Por Matías L. Marra. Michael Haneke es por excelencia el director que ha reflexionado en sus films largamente sobre la violencia de nuestros tiempos. Pero su último filme, Amour, que se estrena hoy, va en el sentido contrario. Se hace necesario reflexionar sobre la ética de la representación y la mirada violenta.
Hoy se estrena en Buenos Aires Amour, la última película del austríaco Michael Haneke. Haneke viene trabajando desde fines de la década de 1980 en Alemania. Toda su brillante filmografía está atravesada por preguntas sobre la violencia. ¿Qué hace que una sociedad sea violenta? ¿Por qué no puedo entender al otro? Esas preguntas, al tratarse del lenguaje audiovisual, pueden pensarse más allá: ¿Cómo represento la violencia? ¿Cómo construyo al otro?

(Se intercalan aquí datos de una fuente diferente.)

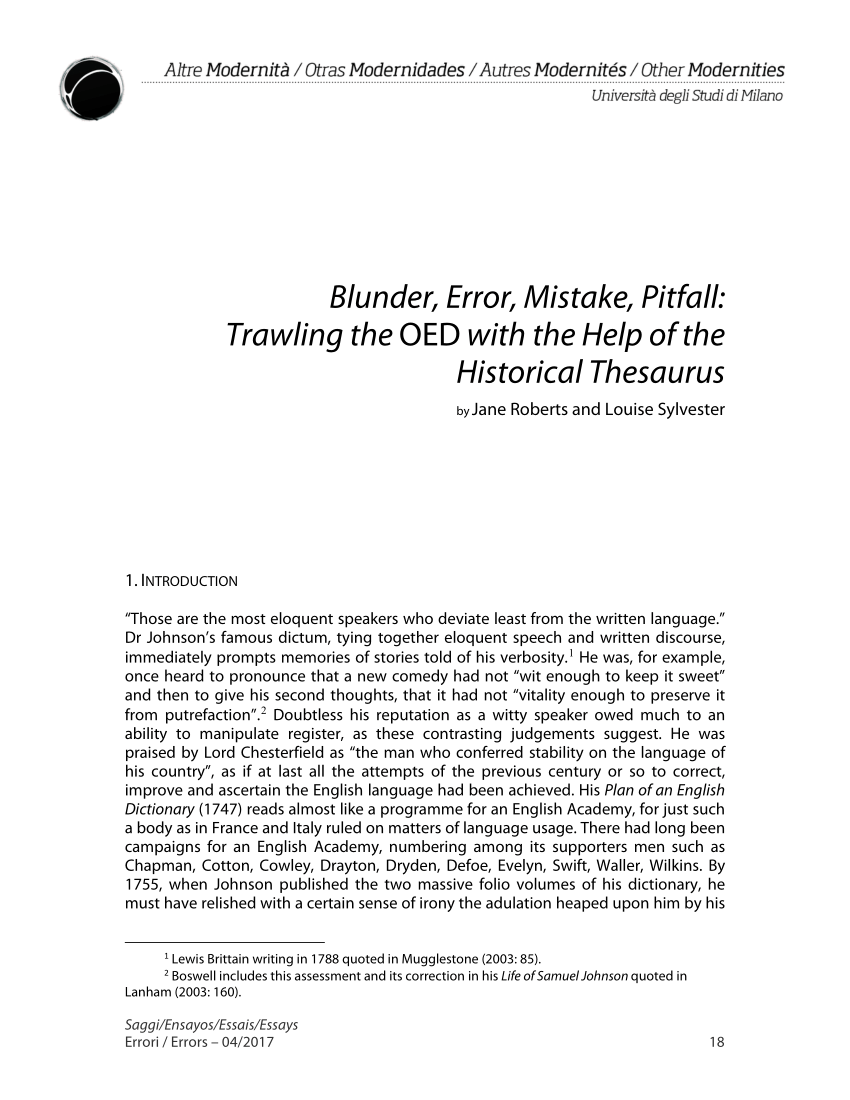 PDF) Blunder, error, mistake, pitfall: Trawling the OED with the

El maestro Haneke es un gran exponente del cine contemporáneo. La representación de la violencia viene dada por un compromiso en la búsqueda de un espectador activo, que reflexione políticamente frente a la pantalla. Haneke busca inquietar desde su lugar como realizador.
O buscaba. Amour, filmada en Francia y en francés, opera en el sentido contrario. Antes que una representación de la violencia, es válido referirse a este film como una violencia en la representación.
Una pareja de ancianos, interpretados por los celebérrimos actores Jean Louis Trigtinant (Z) y Emmanuelle Riva (Hiroshima mon amour), viven en la normalidad de la burguesía culta francesa. Una mañana, ella se queda un momento en silencio, ausente. Él le grita, ella no responde. Ella tuvo un ACV, que le paralizó la mitad de su cuerpo.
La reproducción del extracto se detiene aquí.